The appellants first assert that there was insufficient evidence presented by the Government under the substantive count to prove that the appellants knew the engines were stolen, and, under the conspiracy count, to prove the appellants knew the engines had been stolen from interstate commerce.

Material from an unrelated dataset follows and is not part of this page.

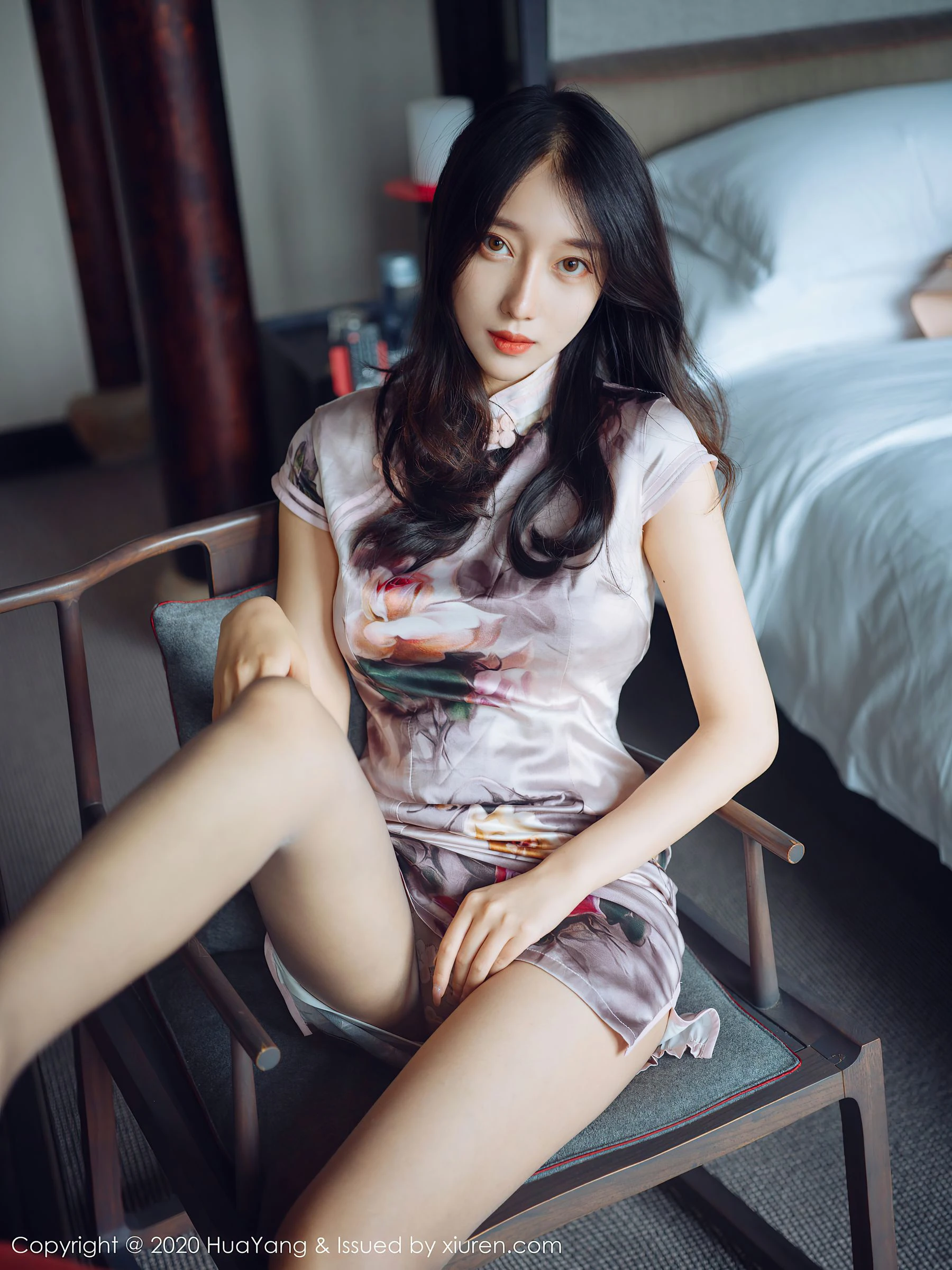DJ魅惑街拍寫真 - 春季激情風格展現限量 - 23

In reviewing sufficiency of the evidence, we must, of course, examine the evidence, taking a view most favorable to the Government, Glasser v. United States, 1942, 315 U.S. 60, 62 S.Ct. 457, 86 L.Ed. 680; United States v. Stephenson, 5 Cir., 1973, 474 F.2d 1353, 1355. Moreover, since much of the evidence presented supporting the guilty verdicts was circumstantial, the inferences reasonably to be drawn by the jury from such evidence must be consistent with guilt as well as inconsistent with every reasonable hypothesis of innocence. Montoya v. United States, 5 Cir., 1968,402 F.2d 847.

With these considerations in mind, we think that there was more than ample evidence to prove Appellant Posick had the requisite guilty knowledge as to the substantive count of the offense. In Appellant Posick's case, his claim of insufficiency of the evidence to prove such knowledge could be rejected simply on the basis of the long established rule that:

Possession of the fruits of crime, recently after its commission, justifies the inference that the possession is guilty possession, and, though only prima facie evidence of guilt, may be of controlling weight, unless explained by the circumstances or accounted for in some way consistent with innocence.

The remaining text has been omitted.